Stored data
- - -
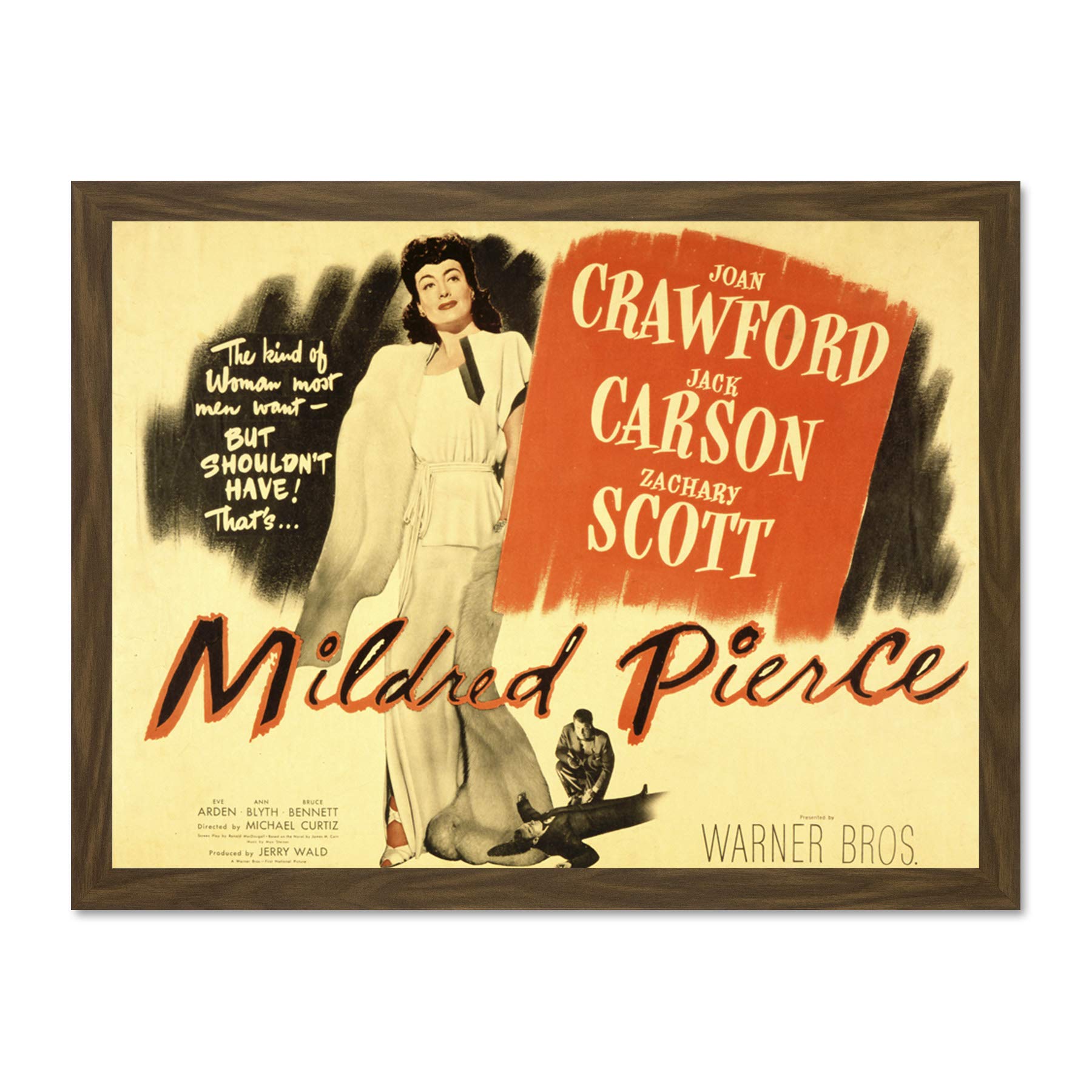 Wee Blue Coo Advertising Movie Film Mildred Pierce Joan Crawford Art Large Framed Art Print Poster Wall Decor 18x24 inch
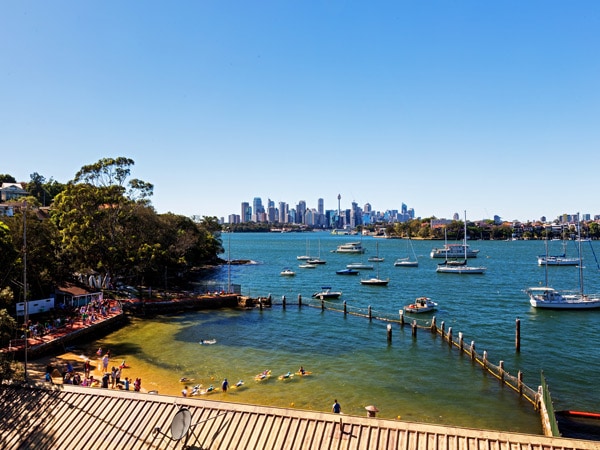 an overhead shot of Greenwich Baths, Sydney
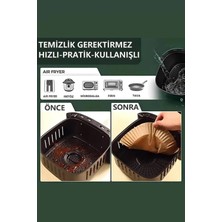 Berdina Home Airfryer Pişirme Kağıdı Hava Fritözü Yağ Geçirmez Kalıp Uyumlu Pratik Kullan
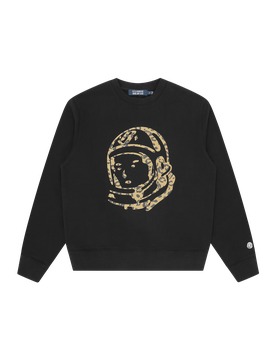 Leopard Camo Astro Crewneck - Black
- - -
What to do
Once the pictures are set aside, give the rest of the listing again exactly.

Answer section
 Wee Blue Coo Advertising Movie Film Mildred Pierce Joan Crawford Art Large Framed Art Print Poster Wall Decor 18x24 inch
 an overhead shot of Greenwich Baths, Sydney
 Berdina Home Airfryer Pişirme Kağıdı Hava Fritözü Yağ Geçirmez Kalıp Uyumlu Pratik Kullan
 Leopard Camo Astro Crewneck - Black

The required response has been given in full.